• **Data shown**:
● ● ●
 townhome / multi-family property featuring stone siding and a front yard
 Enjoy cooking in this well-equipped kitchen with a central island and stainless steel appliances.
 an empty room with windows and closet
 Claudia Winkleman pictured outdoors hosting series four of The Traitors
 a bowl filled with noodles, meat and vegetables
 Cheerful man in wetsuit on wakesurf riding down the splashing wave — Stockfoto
● ● ●
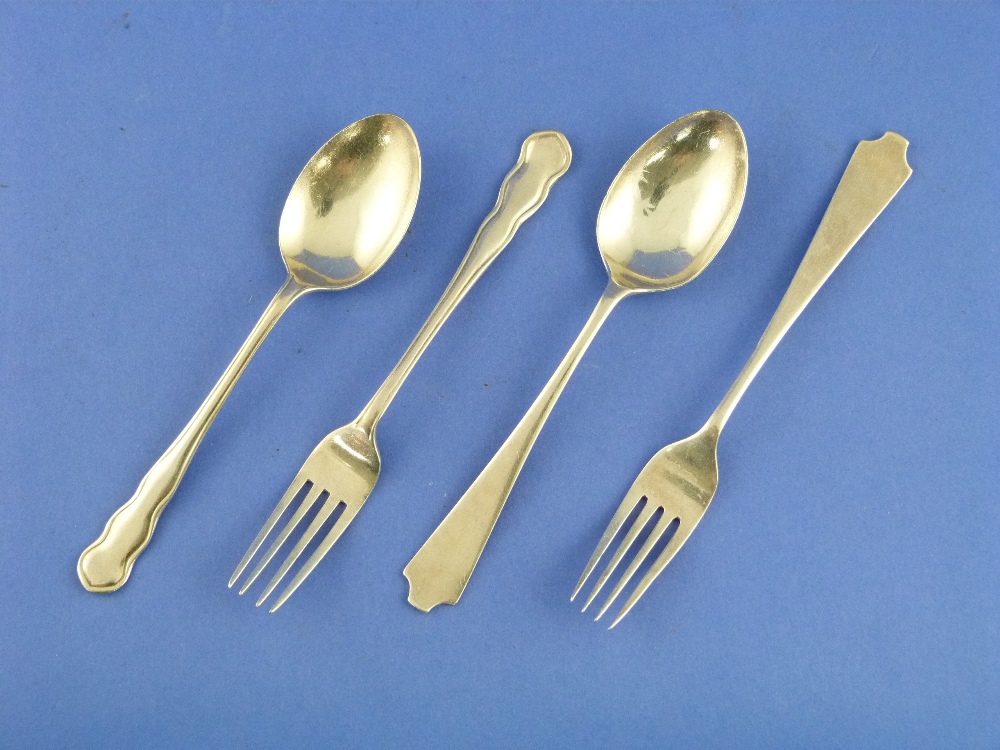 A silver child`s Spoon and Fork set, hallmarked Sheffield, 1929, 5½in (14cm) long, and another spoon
● ● ●
For every line of the records that includes the string "with", add one to a tally; the answer is that tally alone.

3